Airport security continues to evolve since 9/11, and it's possible that within the next decade or so, passengers will be able to sail through a virtually invisible screening portal without stopping.

  • That means shoes stay on, electronics stay in the bag and pockets don't have to be emptied.

Why it matters: Everyone wants to avoid another terrorist attack like the one that killed nearly 3,000 people on Sept. 11, 2001. But the security measures put in place since then — while mostly effective — have also made air travel more inconvenient and frustrating.

  • These new advances, if they work, have the potential to relieve a lot of those frustrations — while still keeping travelers safe.

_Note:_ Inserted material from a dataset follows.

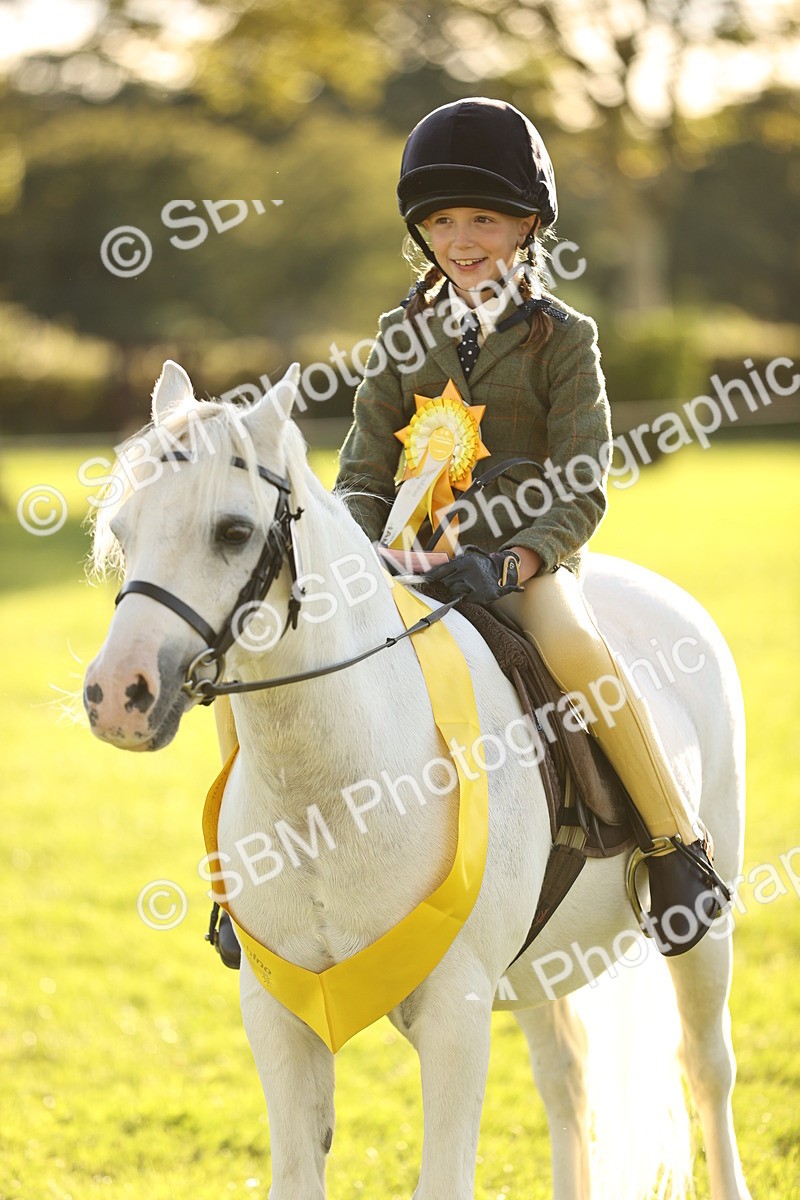 SBM_29493 - S7 - Novice & Newcomers Ridden Pony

Flashback: The intrusive airport screening methods we've come to live with didn't happen all at once.

  • TSA started scanning all checked bags in December 2002, but it wasn't until August 2006 that passengers were required to remove their shoes. A month later, TSA limited liquids in carry-on bags to 3.4 ounces or less.
  • The first full body scanners appeared in 2010, and TSA PreCheck for trusted travelers was introduced in 2011.
  • In July 2018, TSA started testing CT scanners to give officers a 3D view of what's inside carry-on bags.

Where it stands: With 430 airports nationwide, it will be years before TSA can install these 3D baggage scanners and full body imaging tech at every checkpoint, a TSA spokesman told Axios.

  • Meanwhile, its innovation task force is working closely with industry and government researchers to evaluate new technologies that enhance security and improve the customer experience.
  • For example, TSA is testing kiosks equipped with facial-recognition technology to check photo IDs and boarding passes, AP reports, though critics say such systems too often make mistakes.

What's happening: Some new technologies are already close to deployment.

  • New shoe scanning technology and enhanced, high-definition body scanners will begin deployment at airports starting in a few years.
  • These enhanced imaging systems will make it easier for TSA to identify threats while cutting down on false alarms requiring pat-downs or other secondary screening.
  • Both systems were developed at the U.S. Department of Energy’s Pacific Northwest National Laboratory and licensed to a security company called Liberty Defense.
  • Other PNNL technologies can differentiate powders from liquids in baggage or replace bomb-sniffing dogs at security checkpoints.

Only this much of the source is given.